=== Problem details ===
Go through the material below and copy each line where the word "Green" appears.

=== Source information ===

--- START ---

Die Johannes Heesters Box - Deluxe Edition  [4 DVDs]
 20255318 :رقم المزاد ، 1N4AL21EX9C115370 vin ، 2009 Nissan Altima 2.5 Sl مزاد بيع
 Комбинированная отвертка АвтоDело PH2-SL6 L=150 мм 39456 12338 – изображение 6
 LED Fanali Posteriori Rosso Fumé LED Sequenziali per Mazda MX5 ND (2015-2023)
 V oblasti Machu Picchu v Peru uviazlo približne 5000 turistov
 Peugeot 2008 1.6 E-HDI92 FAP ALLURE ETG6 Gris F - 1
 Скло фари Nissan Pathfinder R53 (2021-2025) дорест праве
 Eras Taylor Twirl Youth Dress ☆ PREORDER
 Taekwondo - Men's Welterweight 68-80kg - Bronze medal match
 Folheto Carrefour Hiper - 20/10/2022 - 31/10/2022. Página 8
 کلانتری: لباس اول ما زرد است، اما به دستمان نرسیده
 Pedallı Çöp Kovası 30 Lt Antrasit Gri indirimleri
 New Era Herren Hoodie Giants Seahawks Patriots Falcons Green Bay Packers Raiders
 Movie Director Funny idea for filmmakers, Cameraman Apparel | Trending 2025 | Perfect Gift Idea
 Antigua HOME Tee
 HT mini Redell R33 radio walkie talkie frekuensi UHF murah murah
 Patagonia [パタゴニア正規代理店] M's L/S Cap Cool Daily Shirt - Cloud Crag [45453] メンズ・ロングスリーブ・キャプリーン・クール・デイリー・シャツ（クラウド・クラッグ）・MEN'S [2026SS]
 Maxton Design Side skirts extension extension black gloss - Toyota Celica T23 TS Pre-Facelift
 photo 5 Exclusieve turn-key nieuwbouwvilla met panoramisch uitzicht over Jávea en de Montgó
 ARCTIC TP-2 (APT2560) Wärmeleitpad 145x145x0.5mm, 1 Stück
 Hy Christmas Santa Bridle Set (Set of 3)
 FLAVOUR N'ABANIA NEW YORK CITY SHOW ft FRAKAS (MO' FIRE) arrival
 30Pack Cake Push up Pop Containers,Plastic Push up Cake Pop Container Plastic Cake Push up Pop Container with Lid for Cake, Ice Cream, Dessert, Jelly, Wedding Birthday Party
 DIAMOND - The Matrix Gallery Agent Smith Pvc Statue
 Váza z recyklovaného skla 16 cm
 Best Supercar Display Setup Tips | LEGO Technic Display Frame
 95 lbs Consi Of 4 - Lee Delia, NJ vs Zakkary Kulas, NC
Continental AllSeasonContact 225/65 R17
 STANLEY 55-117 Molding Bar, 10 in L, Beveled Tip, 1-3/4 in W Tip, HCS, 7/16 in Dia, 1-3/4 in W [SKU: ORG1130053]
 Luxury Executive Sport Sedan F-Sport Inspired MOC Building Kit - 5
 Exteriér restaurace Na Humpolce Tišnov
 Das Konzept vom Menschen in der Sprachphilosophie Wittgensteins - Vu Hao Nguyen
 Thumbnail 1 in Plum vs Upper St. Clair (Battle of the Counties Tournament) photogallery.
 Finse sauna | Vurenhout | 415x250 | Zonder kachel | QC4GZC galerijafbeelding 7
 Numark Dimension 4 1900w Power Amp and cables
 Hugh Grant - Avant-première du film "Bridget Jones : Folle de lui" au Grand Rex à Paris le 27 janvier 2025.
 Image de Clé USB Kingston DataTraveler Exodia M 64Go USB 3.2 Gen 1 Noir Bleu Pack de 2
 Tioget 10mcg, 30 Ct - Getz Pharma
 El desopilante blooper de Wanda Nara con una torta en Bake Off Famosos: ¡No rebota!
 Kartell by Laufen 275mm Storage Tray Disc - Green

--- END ---

=== Your solution ===
 New Era Herren Hoodie Giants Seahawks Patriots Falcons Green Bay Packers Raiders
 Kartell by Laufen 275mm Storage Tray Disc - Green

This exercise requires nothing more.